Dem Ganzen war ein monatelanger Machtkampf zwischen Exekutive und Legislative vorausgegangen. Vizcarra hatte dem Parlament wiederholt vorgeworfen, durch Verzögerungstaktiken und Boykottpolitik seine Antikorruptionsbemühungen auszubremsen. Dahinter vermutete er das relativ offensichtliche Ziel, dass die Opposition Politiker*innen in den eigenen Reihen vor einer Strafverfolgung zu schützen versuchte. Als Vizcarra im März 2018 die Präsidentschaft übernahm, war er mit dem Versprechen angetreten, die Korruption im Land entschieden zu bekämpfen. Seinen Vorgänger Pedro Pablo Kuczynski hatten Verstrickungen in die Korruptionsaffäre um den brasilianischen Baukonzern Odebrecht zu Fall gebracht (siehe LN 526). Der Odebrecht-Skandal hat sich bisher auf die vier letzten Präsidenten des Landes vor Vizcarra ausgeweitet, darunter auf den zweimaligen Präsidenten Alan García, der sich im Zuge der Korruptionsanschuldigungen aus Angst vor einer Haftstrafe im April dieses Jahres das Leben nahm (siehe LN 539). Vizcarras Kampf gegen die Korruption wurde allerdings durch die Zusammensetzung des Parlaments so gut wie unmöglich gemacht: Über die absolute Mehrheit verfügte dort nämlich die konservative Partei Fuerza Popular, deren Vorsitzende Keiko Fujimori, Tochter des peruanischen Ex-Diktators Alberto Fujimori, seit Oktober 2018 wegen der Annahme illegaler Wahlkampfspenden des Odebrecht-Konzerns in Untersuchungshaft sitzt (siehe LN 534). Zusammen mit der Mitte-Links-Partei APRA stellte sich die Fuerza Popular als fujiaprismo konsequent gegen jegliche Reformvorhaben Vizcarras. Die sechs zentralen Gesetzesinitiativen der Regierung, die Anfang Juni dieses Jahres nach einem Volksreferendum ins Parlament getragen wurden, beinhalteten unter anderem eine Neuregelung des Aufhebungsprozesses der parlamentarischen Immunität, über die künftig eine unabhängige Instanz entscheiden sollte, statt wie bisher der Kongress selbst. Dieser Kernvorschlag der Reformen wurde abgeschmettert und ad acta gelegt. Das erscheint besonders zynisch vor dem Hintergrund, dass viele der oppositionellen Politiker*innen bereits juristisch verfolgt wurden oder werden. Einige Tage später folgte der nächste Affront: Die fujiaprismo-Abgeordneten schützten den Obersten Staatsanwalt Chávarry trotz dringender Korruptionsbeschuldigungen endgültig vor einer Amtsenthebung.

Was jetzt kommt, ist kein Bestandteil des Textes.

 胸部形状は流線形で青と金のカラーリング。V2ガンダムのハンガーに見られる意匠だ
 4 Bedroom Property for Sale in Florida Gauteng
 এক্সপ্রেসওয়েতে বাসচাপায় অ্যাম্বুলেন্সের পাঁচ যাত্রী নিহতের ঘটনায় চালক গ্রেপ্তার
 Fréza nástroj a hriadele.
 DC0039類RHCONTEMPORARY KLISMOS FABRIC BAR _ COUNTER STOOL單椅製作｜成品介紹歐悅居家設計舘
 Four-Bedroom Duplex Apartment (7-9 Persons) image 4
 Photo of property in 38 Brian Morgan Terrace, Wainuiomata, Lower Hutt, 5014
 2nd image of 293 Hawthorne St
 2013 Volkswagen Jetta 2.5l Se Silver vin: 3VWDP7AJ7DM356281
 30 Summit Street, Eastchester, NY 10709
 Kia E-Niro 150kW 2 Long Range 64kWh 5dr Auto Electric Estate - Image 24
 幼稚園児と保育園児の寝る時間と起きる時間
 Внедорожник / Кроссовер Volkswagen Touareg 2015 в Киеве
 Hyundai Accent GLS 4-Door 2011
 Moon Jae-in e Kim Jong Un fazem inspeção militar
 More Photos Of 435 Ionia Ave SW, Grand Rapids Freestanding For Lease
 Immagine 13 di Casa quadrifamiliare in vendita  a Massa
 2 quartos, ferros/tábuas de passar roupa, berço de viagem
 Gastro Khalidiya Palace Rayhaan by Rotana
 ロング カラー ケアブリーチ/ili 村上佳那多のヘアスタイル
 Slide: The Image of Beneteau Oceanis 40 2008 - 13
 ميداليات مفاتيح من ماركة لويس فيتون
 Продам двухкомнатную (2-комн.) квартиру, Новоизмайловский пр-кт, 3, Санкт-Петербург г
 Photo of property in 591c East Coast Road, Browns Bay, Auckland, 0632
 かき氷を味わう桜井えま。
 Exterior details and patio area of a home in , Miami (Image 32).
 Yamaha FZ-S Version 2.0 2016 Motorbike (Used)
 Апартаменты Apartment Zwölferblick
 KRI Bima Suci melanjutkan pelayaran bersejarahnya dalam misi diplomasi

Die Opposition bezeichnet Kongress-Auflösung als nicht verfassungsgemäß


Die Regierung stellte daraufhin die Vertrauensfrage, geknüpft an eben jene sechs Reformvorhaben, denen die Parlamentarier*innen noch bis zum Ende der Legislaturperiode zustimmen sollten – sonst werde es Neuwahlen geben. Trotz absurder, hitziger Debatten sprach das Parlament der Regierung letztlich das Vertrauen aus. Eine Auflösung des Kongresses wollte man auf Seiten des fujiaprismo zu diesem Zeitpunkt anscheinend nicht riskieren. Doch die Rufe nach Neuwahlen, die seit dem Frühjahr in der Bevölkerung laut geworden waren, konnten damit nicht erstickt werden. Im August befürworteten fast drei Viertel aller Peruaner*innen laut dem Meinungsforschungsinstitut Ipsos Neuwahlen. Anfang September demonstrierten tausende Bürger*innen in vielen peruanischen Städten unter dem Motto „¡Que se vayan todos!“ (Alle sollen gehen!). Als es Ende September wirklich zur Auflösung des Kongresses kam, wurde das massenhaft auf den Straßen gefeiert, aber auch in den sozialen Netzwerken unter dem Hashtag #cierredelcongreso.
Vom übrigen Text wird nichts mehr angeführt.